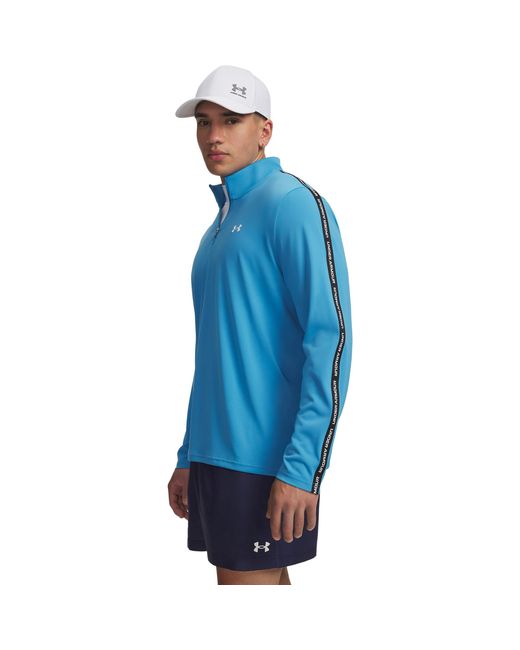 Under Armour Blue Tech ½ Zip Long Sleeve for men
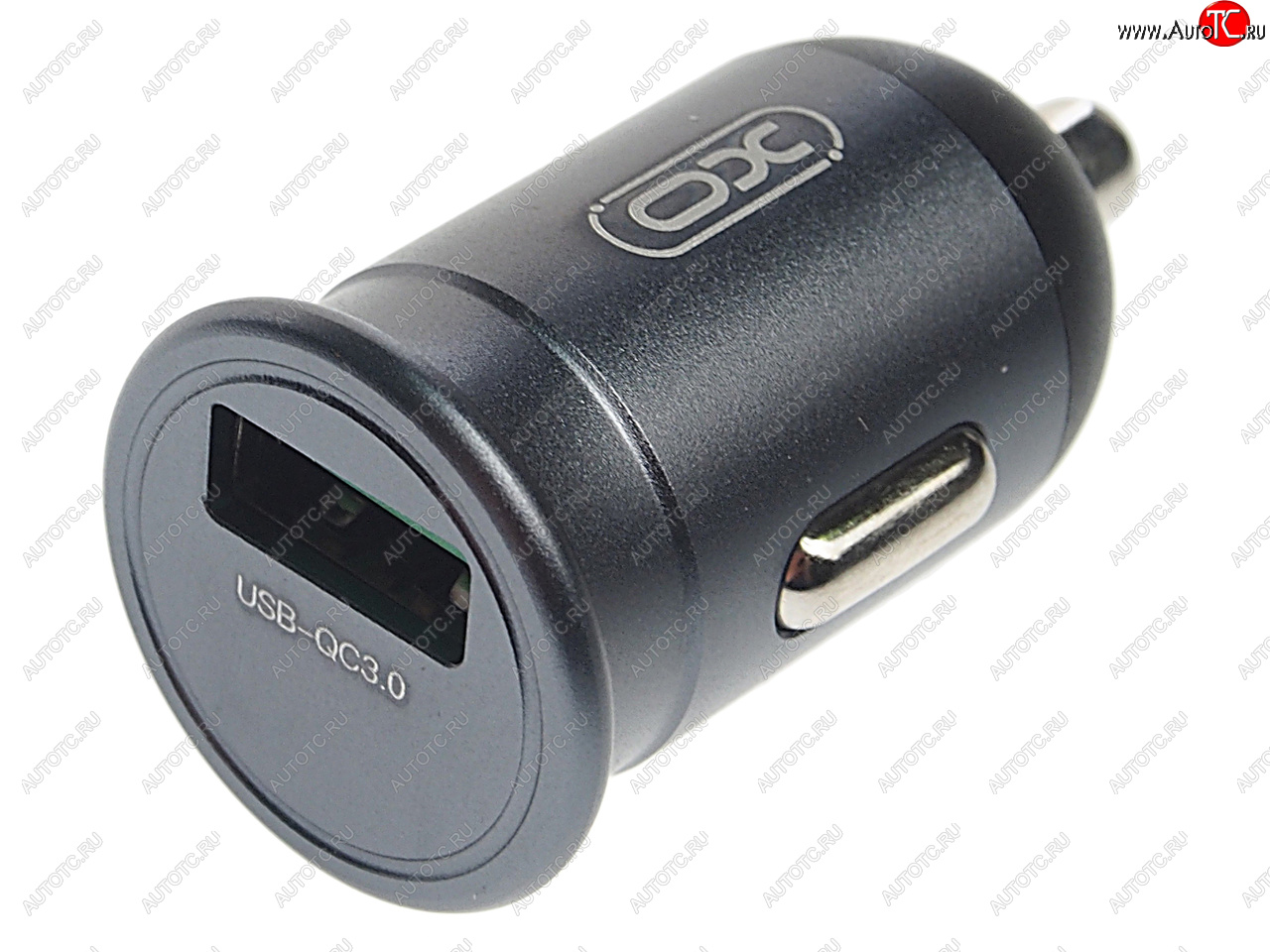599 р. Устройство зарядное в прикуриватель 1USB 12V серое XO XO cc46 gray  с доставкой в г. Керчь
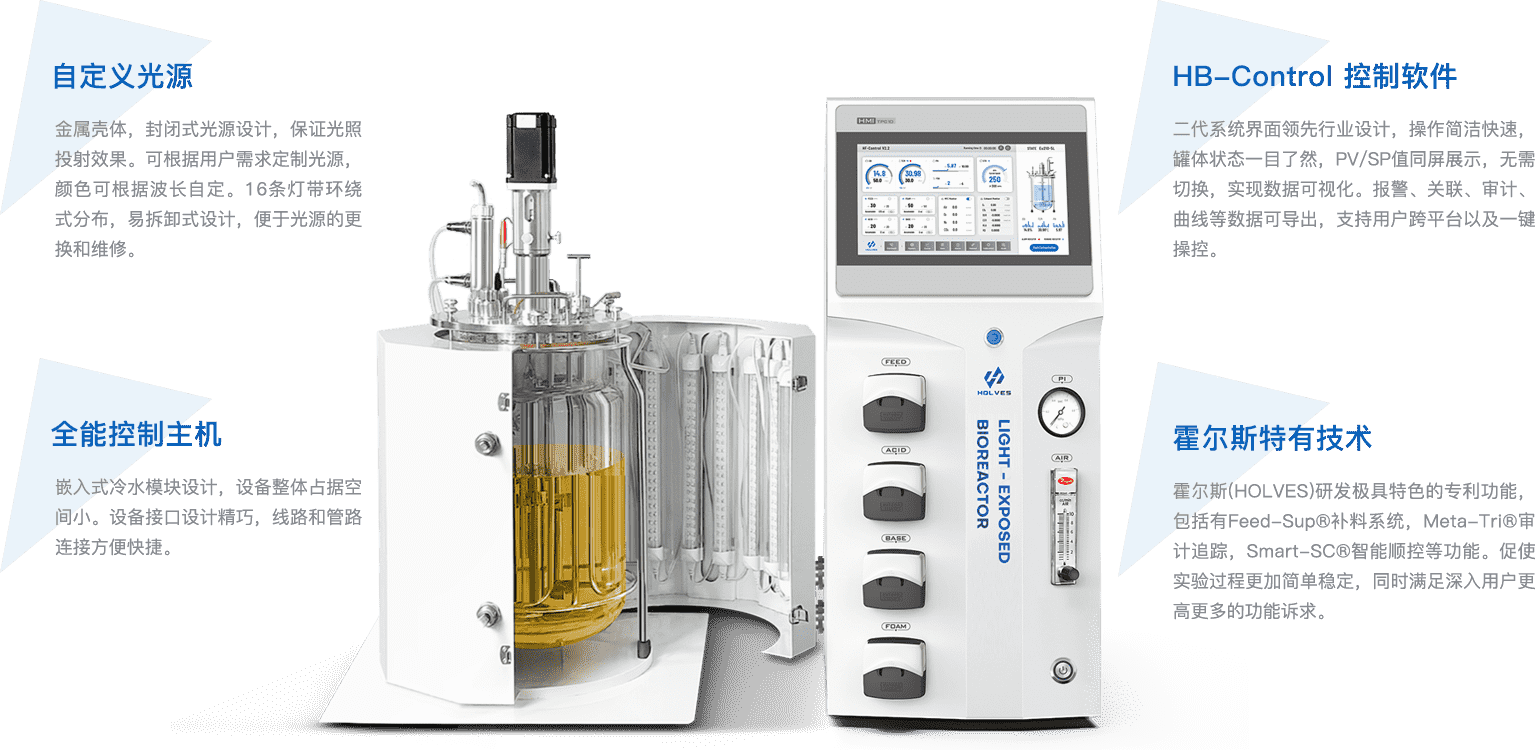 Pb210光照生物反应器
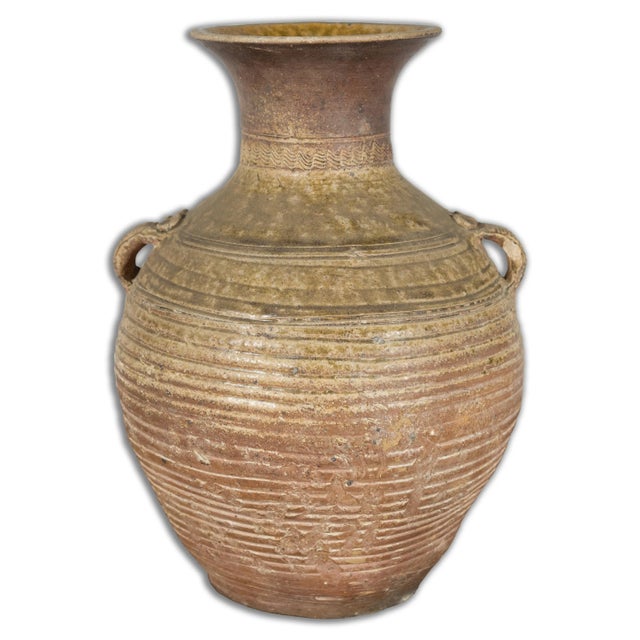 18th Century Chinese Qing Dynasty Terracotta Concentric Line Water Vessel For Sale - Image 10 of 13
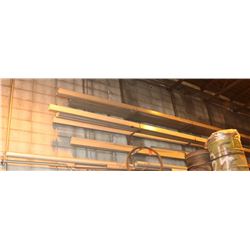 LARGE LOT OF ALUMINUM C-CHANNEL & TUBE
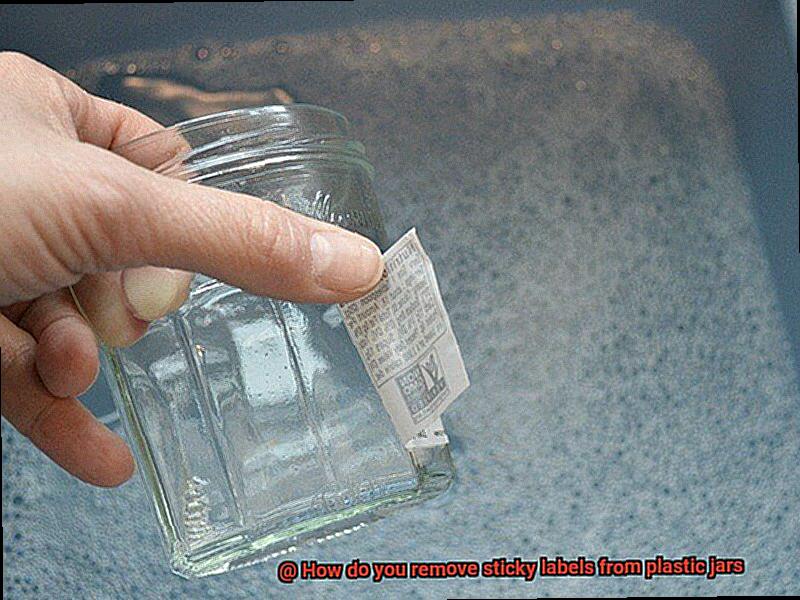 How do you remove sticky labels from plastic jars? Glue Things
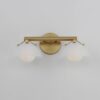 Marjani Vanity Light – 2 Light – Frosted – view 4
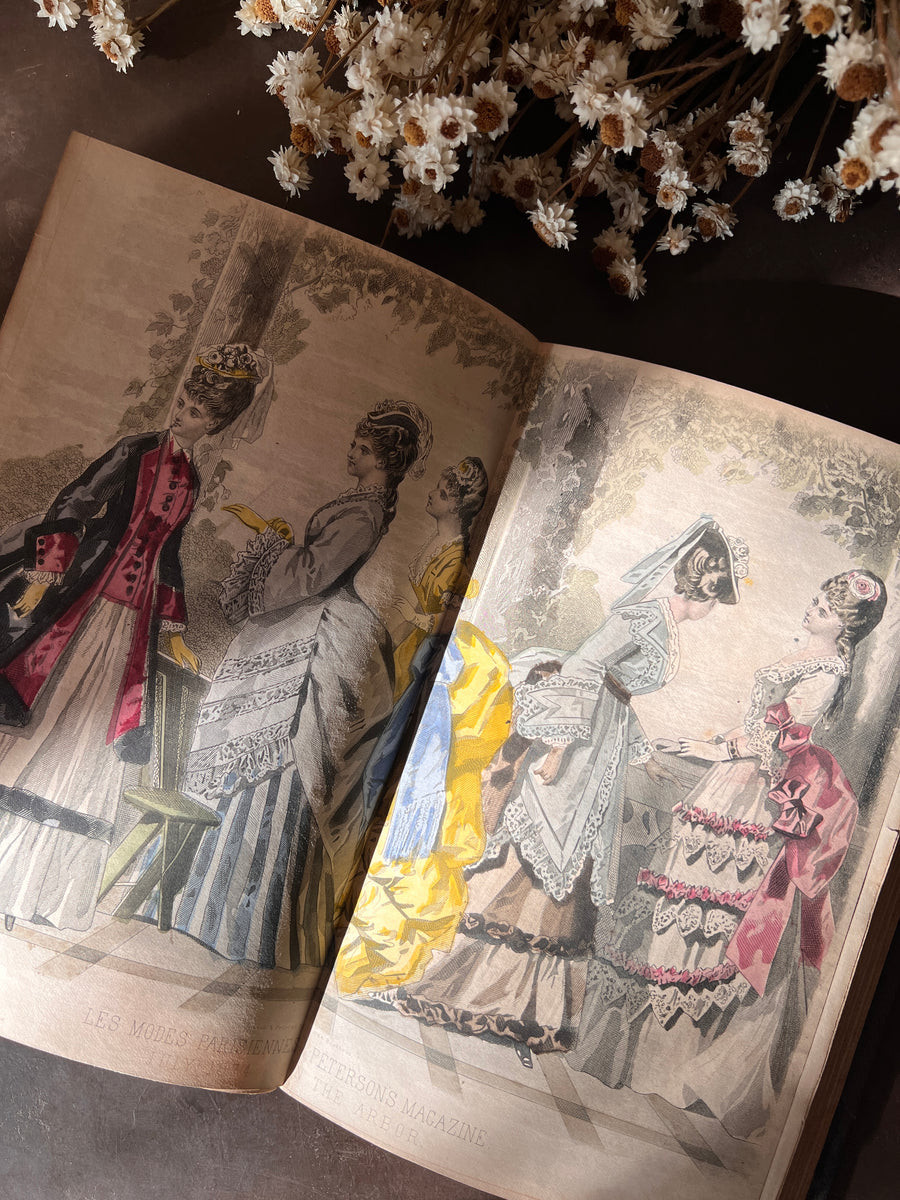 Peterson’s Magazine July–December 1874 | Victorian Women’s Fashion, Needlework & Music | Bound Volume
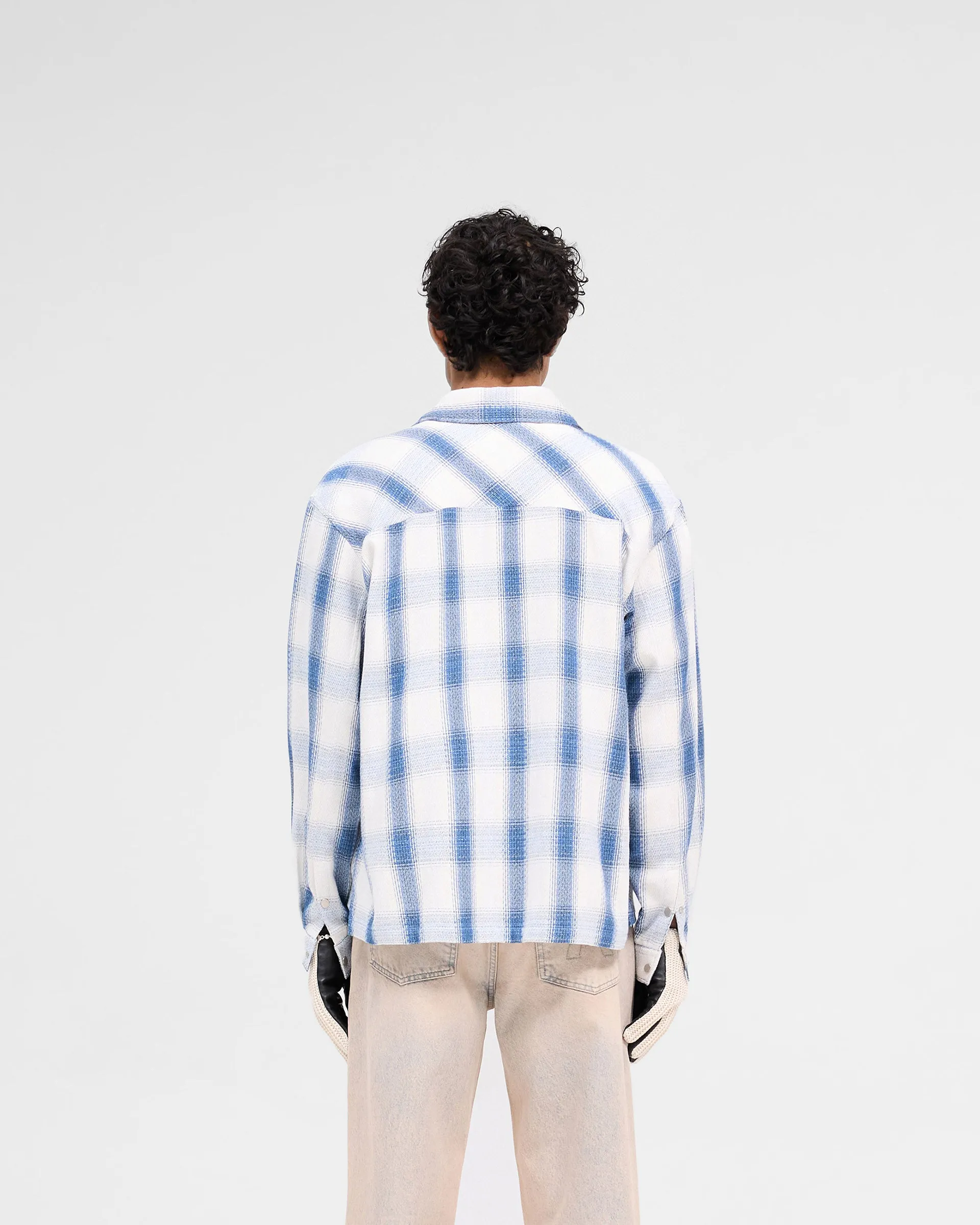 Season Flannel Shirt - Mid Blue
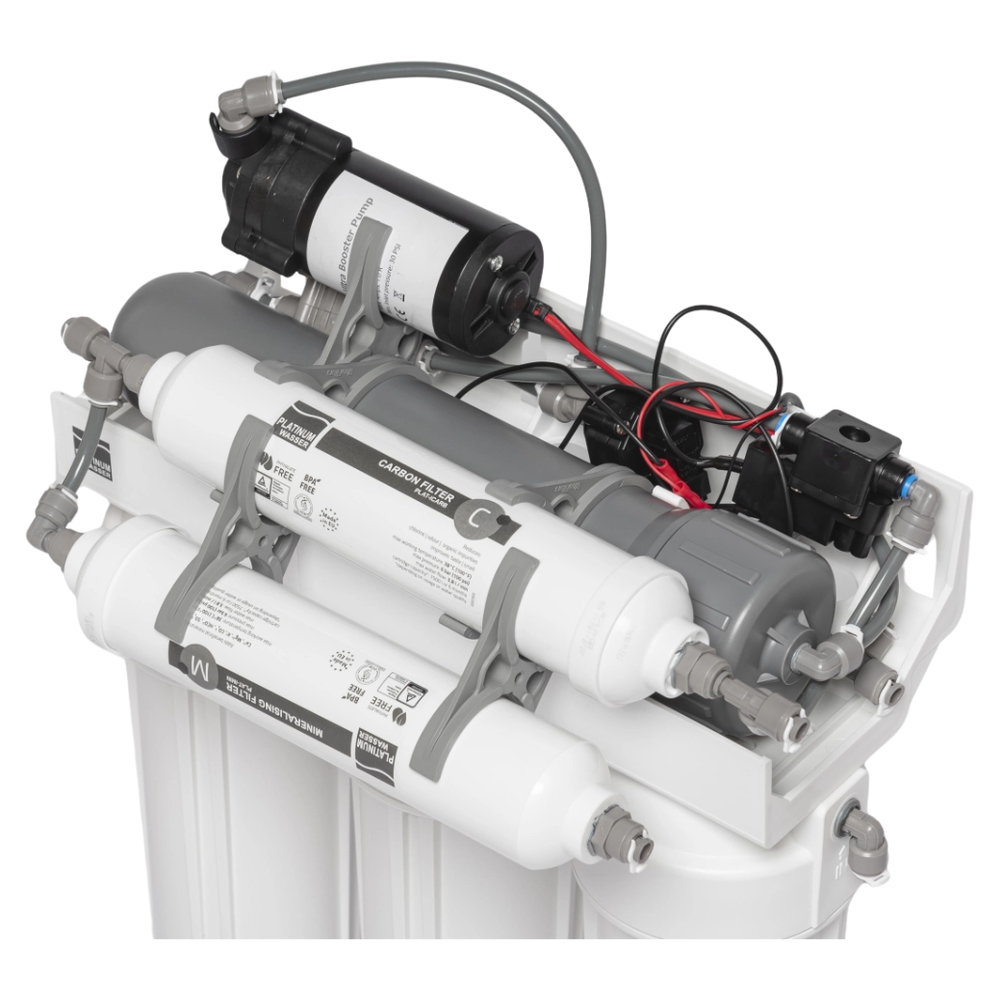 Фильтр обратного осмоса Platinum Wasser RO6P PLAT-F-ULTRA6B с насосом Фильтр обратного осмоса Platinum Wasser RO6P PLAT-F-ULTRA6B с насосом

EXERCISE OBJECTIVE
Give back the records above word for word, minus any image they hold.

ANSWER BOX
 Under Armour Blue Tech ½ Zip Long Sleeve for men
599 р. Устройство зарядное в прикуриватель 1USB 12V серое XO XO cc46 gray  с доставкой в г. Керчь
 Pb210光照生物反应器
 18th Century Chinese Qing Dynasty Terracotta Concentric Line Water Vessel For Sale - Image 10 of 13
 LARGE LOT OF ALUMINUM C-CHANNEL & TUBE
 How do you remove sticky labels from plastic jars? Glue Things
 Marjani Vanity Light – 2 Light – Frosted – view 4
 Peterson’s Magazine July–December 1874 | Victorian Women’s Fashion, Needlework & Music | Bound Volume
 Season Flannel Shirt - Mid Blue
 Фильтр обратного осмоса Platinum Wasser RO6P PLAT-F-ULTRA6B с насосом Фильтр обратного осмоса Platinum Wasser RO6P PLAT-F-ULTRA6B с насосом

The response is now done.